Russia-Ukraine negotiations remained as the positions of both sides remain unchanged.
Fed’s Bullard and Waller support 50-basis point increases to the bank’s benchmark interest rate
Fed’s Kashkari anticipates neutral rates at 2.2% and a reduction in balance sheet at twice the QT.
The price of gold (XAU/USD), fell for the third consecutive week. This is due to mixed market sentiments caused by ongoing talks between Russia and Ukraine, inflation woes and tightening central banks. Investors are still leaning towards safe assets. At the time this article was written, XAU/USD trades at $1929 per troy ounce.
Although market mood has been improving, it is still fluctuating. European equities ended the session in the green while their North American counterparts recorded gains.

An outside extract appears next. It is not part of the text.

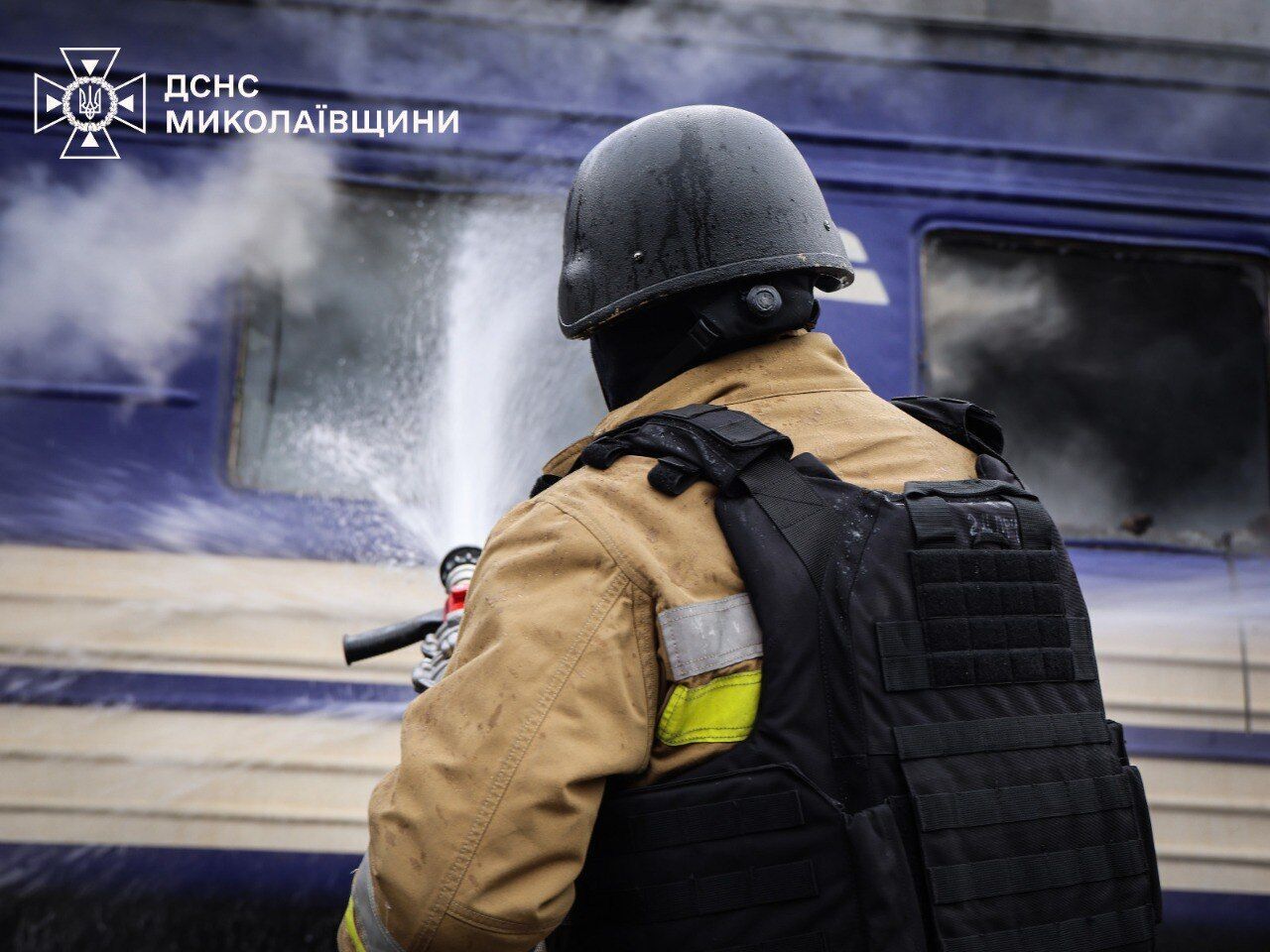 Окупанти атакували потяг у Миколаєві: сталась пожежа, є постраждалий. Фото і відео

The greenback is holding its ground, with the US Dollar Index above 99.19, up 0.22% in the day. This is a headwind to the non-yielding metal despite falling US Treasury yields.
Despite hostilities still raging, Russia-Ukraine peace negotiations are continuing. The conflicting signals from both sides suggest that talks are stuck at a mid-point and there is no progress. While Russia reported that Russia and Ukraine were closely aligned in their neutrality position and refusal to join NATO, reports from Ukraine claimed that these statements are meant to create tension in the media as Ukraine’s stand of a ceasefire and withdrawal of troops and strong security guarantees is not being compromised.
The Federal Reserve raised rates by 25 basis points in the middle week with an 8-1 vote. Bullard, St. Louis Fed President, was the only one who voted against. Bullard stated that he wants the US central bank implement a balance sheet reduction plan and recommended that the FOMC “try to achieve an level of policy rates above 3% this fiscal year.” Fed Governor Chris Waller later said that he supports 50 bps rate increases in the “near Future” but that the current data “is screaming for” 50 basis point hikes.
The Minnesota Fed’s Kashkari said that he believes there is a neutral rate of 2%, continuing the Fed talking parade. The US central bank will have to raise rates if inflation continues. Concerning Quantitative tightening (QT), he expects the Fed to tighten twice as fast as previously.
The US economic docket featured Existing Homes Sales for February was 6.02M lower that the 6.1M forecast, while the Consumer Board’s Leading Index rose 0.3% higher than the 0.2% estimate.